Tobin cracked her knuckles. ‘We’re ready. Where are we going, anyway?’

Mother Mathara paused. And even in that pause Fitz was thinking it, the forbidden thought, the idea the Faction had tried to get out of his head ever since they’d found him in the Cold. Please say the twentieth century. Please say we’re going home. Back to Earth. Back to the Doctor.

‘The end of the eighteenth century,’ said Mathara. ‘It’s an important time for us of the faith.’

Fitz didn’t even bother to feel disappointed.

* * *

Just like Mathara had said, it took them two or three hours to lay in a course for the eighteenth century. Fitz went for a walk once it was all over, with his legs cracking under his weight as he strode along the crew corridors. He found himself thinking of the Faction’s own warship, the vessel where he’d gone through the initiation. The ship had been a lot like this one, a skeleton instead of a complete entity. But then, the Faction’s ships were built that way. Stillborn by design.

Not that Faction Paradox would ever have used its warships to move the colonists. The warships were special, solely for members of the family, for the Mothers and Fathers of the Eleven-Day Empire. They stuck to the backways of the universe, keeping out of sight whenever possible. Back in San Francisco, all those lifetimes ago in 2002, the Faction’s agent on Earth had been an ugly little boy with chronic personality problems, nothing more than a baby thug with a few time-travel tricks up his sleeve. One of Faction Paradox’s working classes, Fitz told himself. The crew of the warship would be altogether more elegant than that, and certainly far more civilised than the human refugees on board the Justinian.

Everything was aesthetics, that was what the shadow had said during the initiation. Everything was signals.

Fitz wondered what kind of world he was going to help these people to build.

* * *

15

Realpolitik

(from London to the TARDIS)

20 August, 17:10

Kode lit up another cigarette, slipped it between his lips, and fell back on to the bed. He wasn’t sure what the cigarettes actually did to him, but he’d been having urges to smoke them ever since he’d arrived on Earth, and he didn’t see any particular reason why he should bother resisting. The need to light the things, he concluded, was an undercurrent in the local signals. Perhaps cigarettes were the natives’ way of making time go faster, of speeding up the transmissions.
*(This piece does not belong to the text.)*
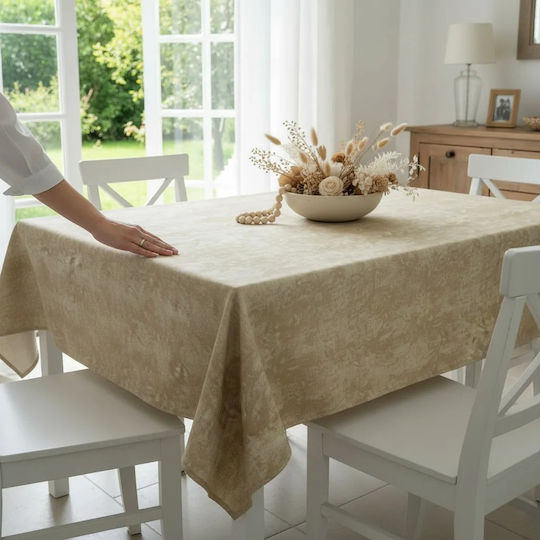 Cotton Stain Resistant Ecru Tablecloth 140x180cm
He hadn’t turned the TV off since Guest had left the hotel. He’d removed the receiver from his ear, and rested it on top of the set’s casing, along with one of his spares. The receivers were definitely having an effect, but it still wasn’t anything like home. The signals from Anathema couldn’t reach this place half as fast as he’d have liked.

Kode considered walking over to the window, and staring wistfully out at the darkening sky. Fortunately, he didn’t have to. The receiver on the TV set must have caught the thought, because it helpfully started flashing pictures of the darkening sky across the screen, so Kode stared wistfully at those instead. He wondered how far away Guest and Compassion were now. How far away the ship was. Close enough to Earth for the weapons systems to start warming up? Quite possibly. None of the Remote had ever seen the weapons systems, of course, but Guest had reliably informed everyone that they’d come on line as soon as the ship was within firing range of the planet.

Kode took a long, long suck on the cigarette. The TV programmes still weren’t enough. Interference or no interference.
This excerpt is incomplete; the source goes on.